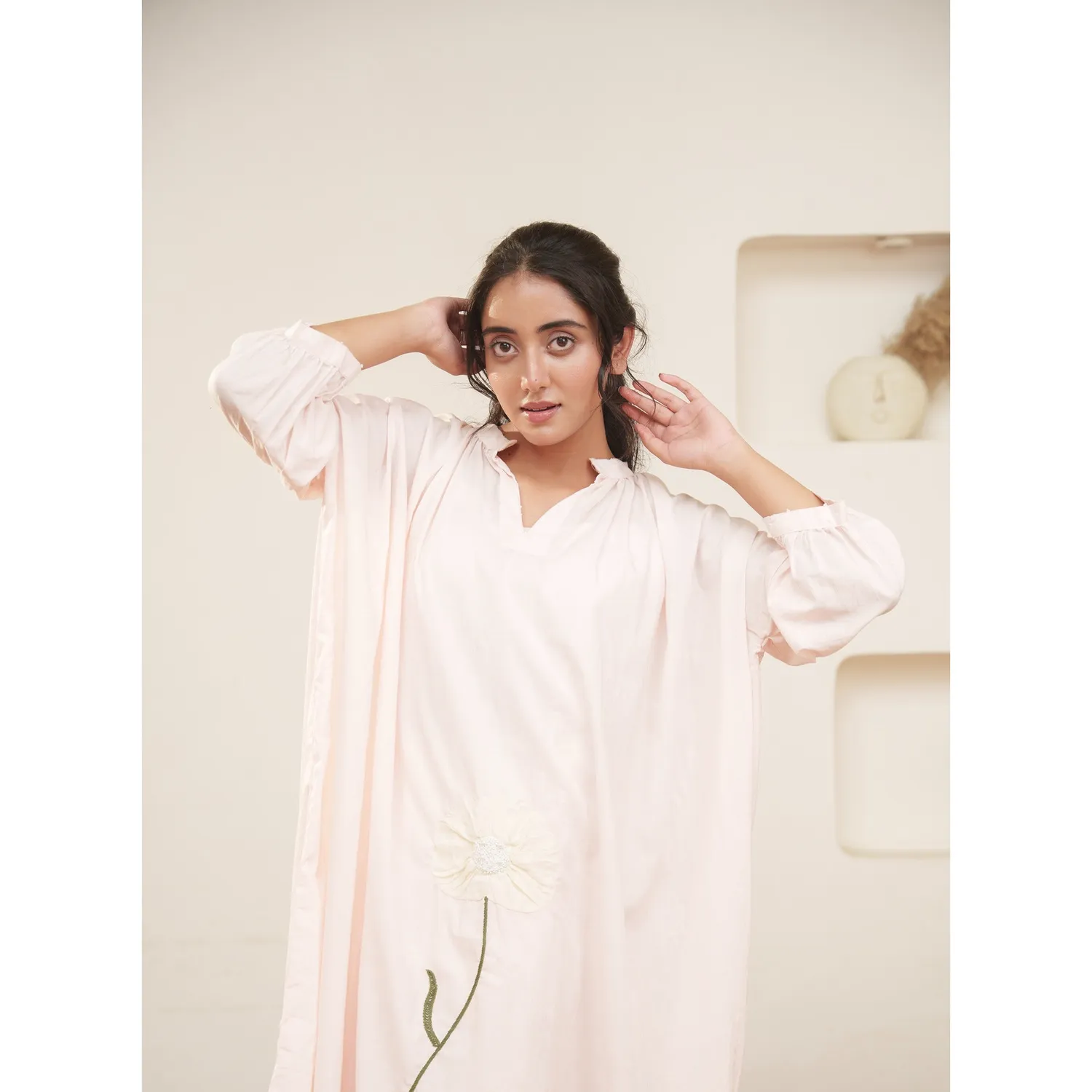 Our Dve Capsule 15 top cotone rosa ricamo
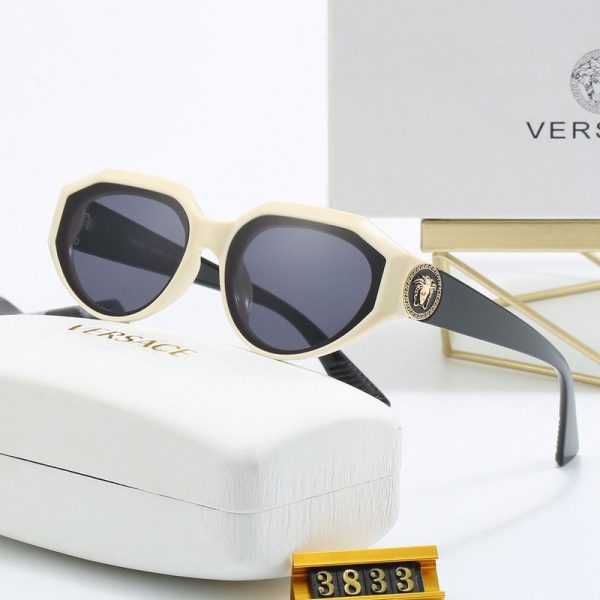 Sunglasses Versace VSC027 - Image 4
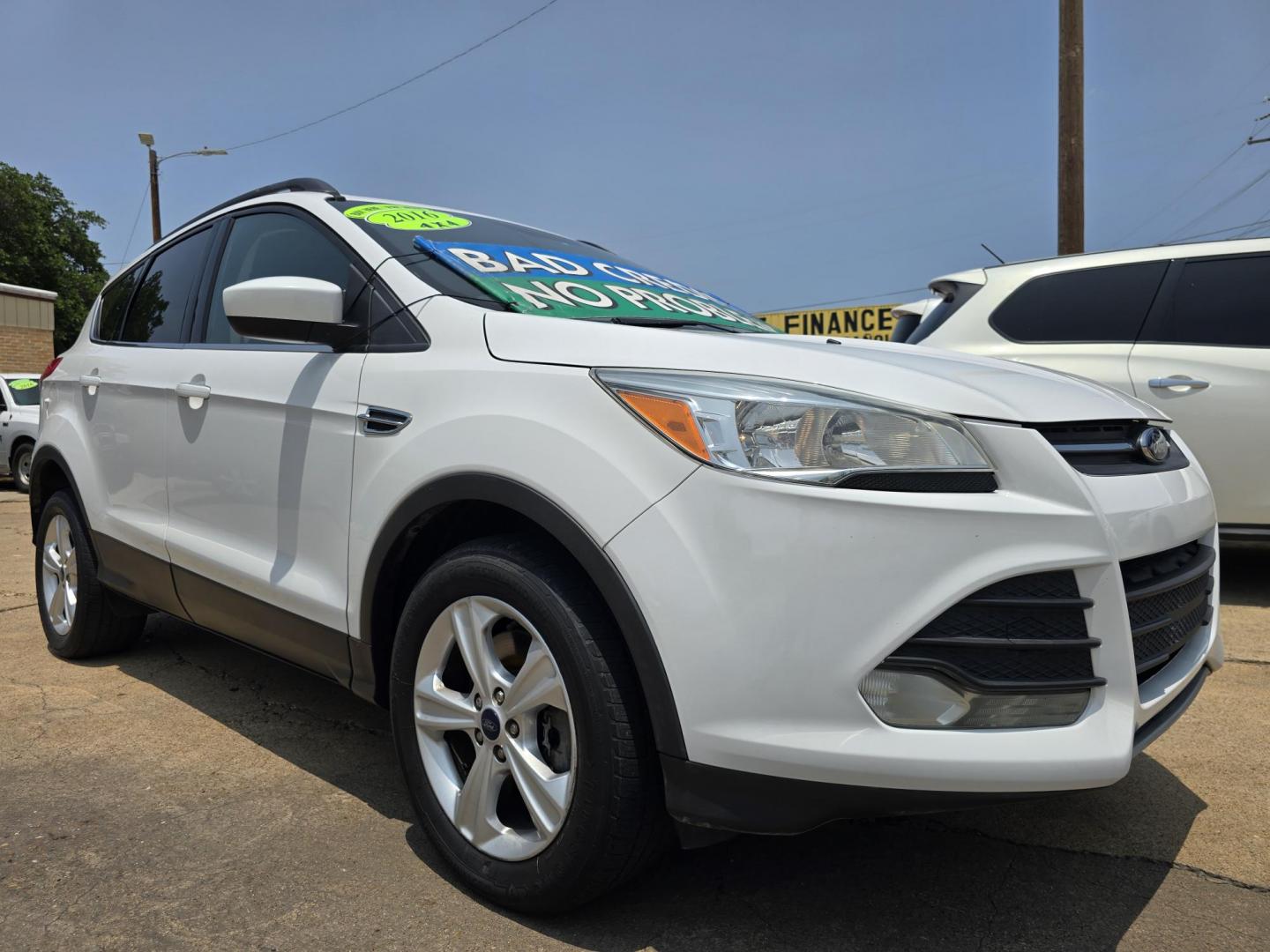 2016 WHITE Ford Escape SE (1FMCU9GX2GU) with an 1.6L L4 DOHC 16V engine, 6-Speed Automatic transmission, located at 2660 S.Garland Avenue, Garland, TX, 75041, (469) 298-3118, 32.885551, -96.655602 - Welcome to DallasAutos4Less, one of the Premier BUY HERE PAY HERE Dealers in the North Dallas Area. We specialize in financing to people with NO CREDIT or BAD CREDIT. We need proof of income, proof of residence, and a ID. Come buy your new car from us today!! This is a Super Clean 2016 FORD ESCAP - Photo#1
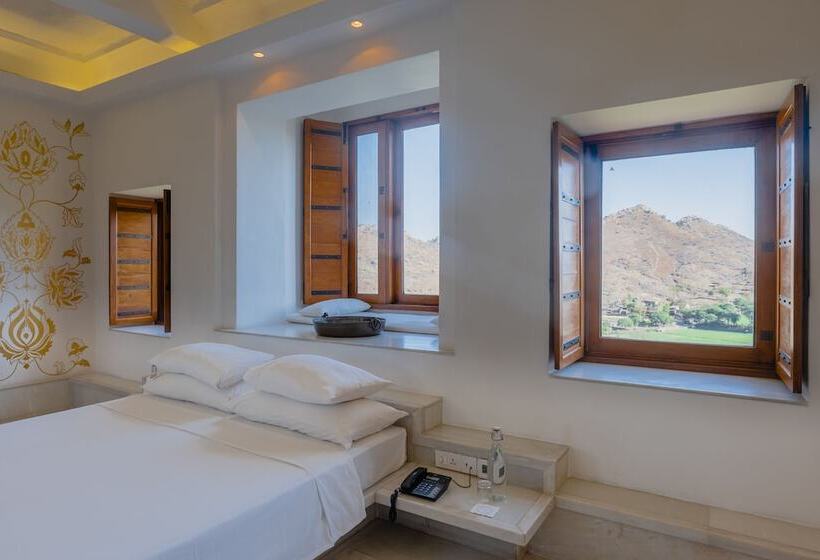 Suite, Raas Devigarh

--

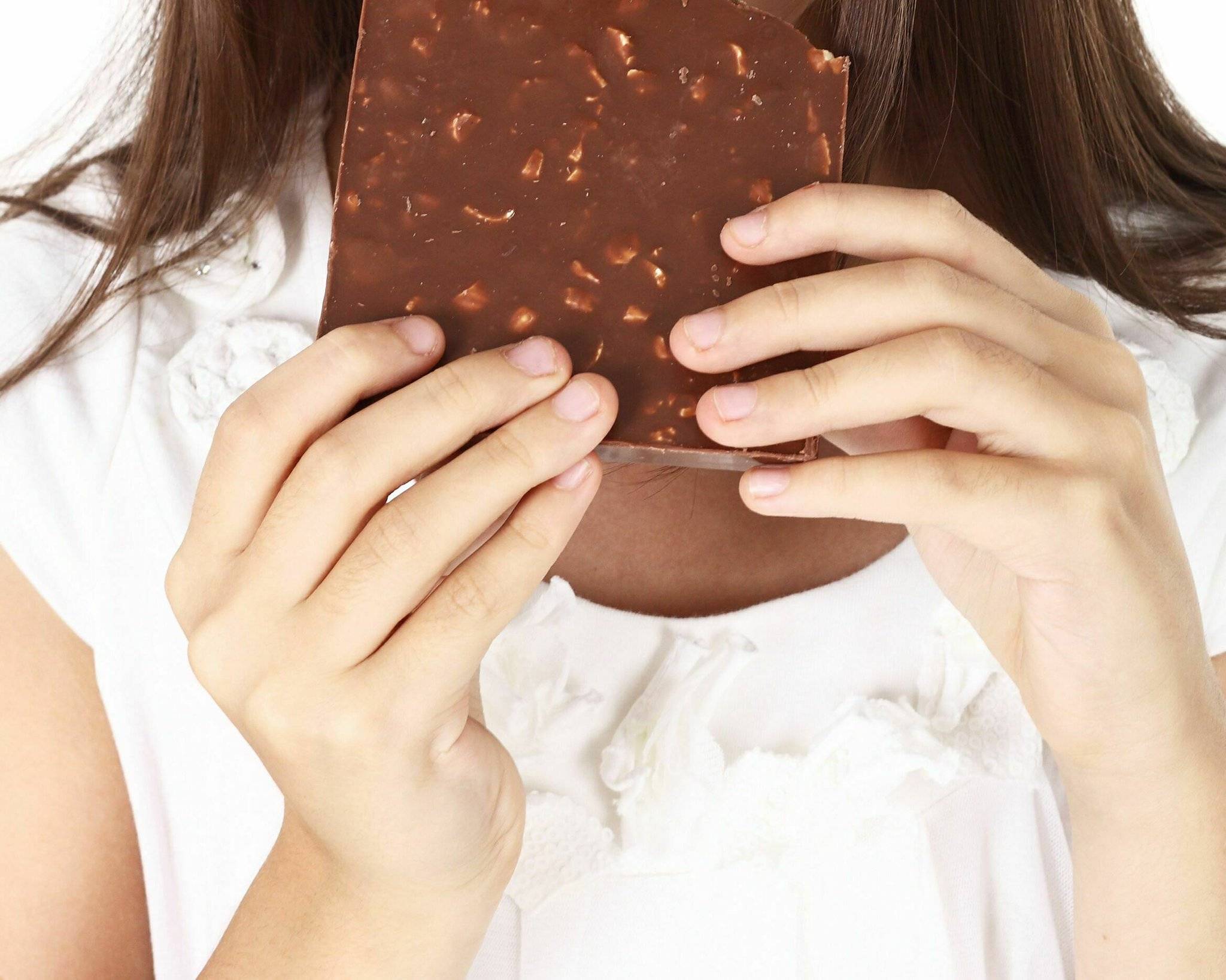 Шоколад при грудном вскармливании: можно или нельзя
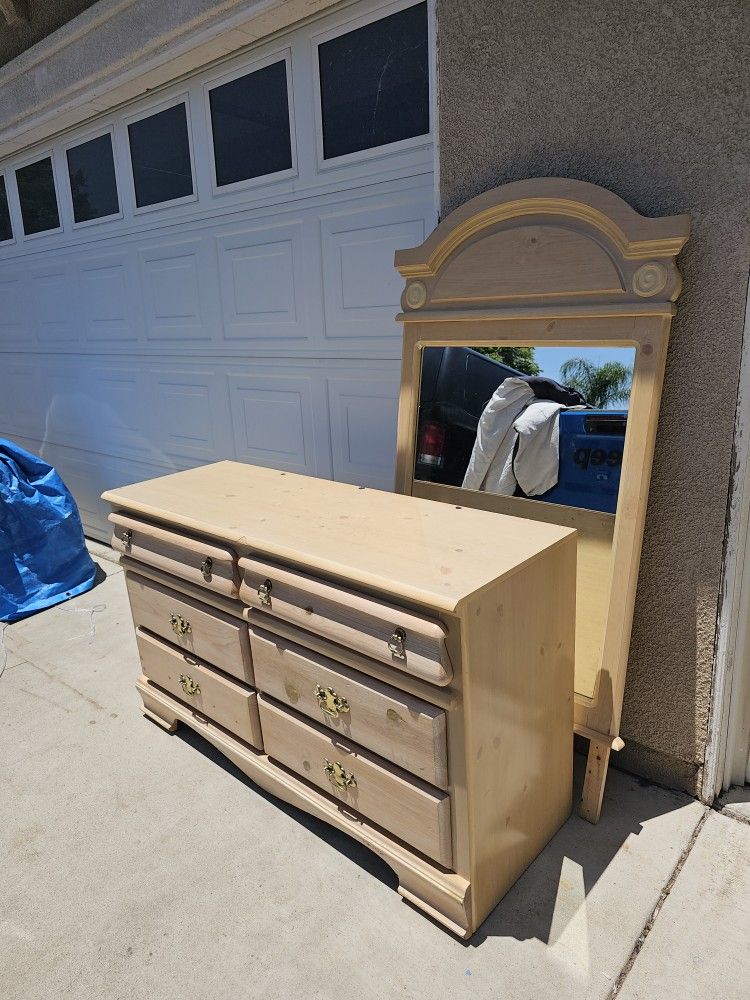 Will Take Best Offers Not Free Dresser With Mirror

• _INSTRUCTIONS FOR THE TASK_
Above are some records. Output exactly the lines from the one that contains "Шоколад при грудном" to the one that contains "Will Take Best", keeping both, and omit the pictures.

• _WRITTEN SOLUTION_
 Шоколад при грудном вскармливании: можно или нельзя
 Will Take Best Offers Not Free Dresser With Mirror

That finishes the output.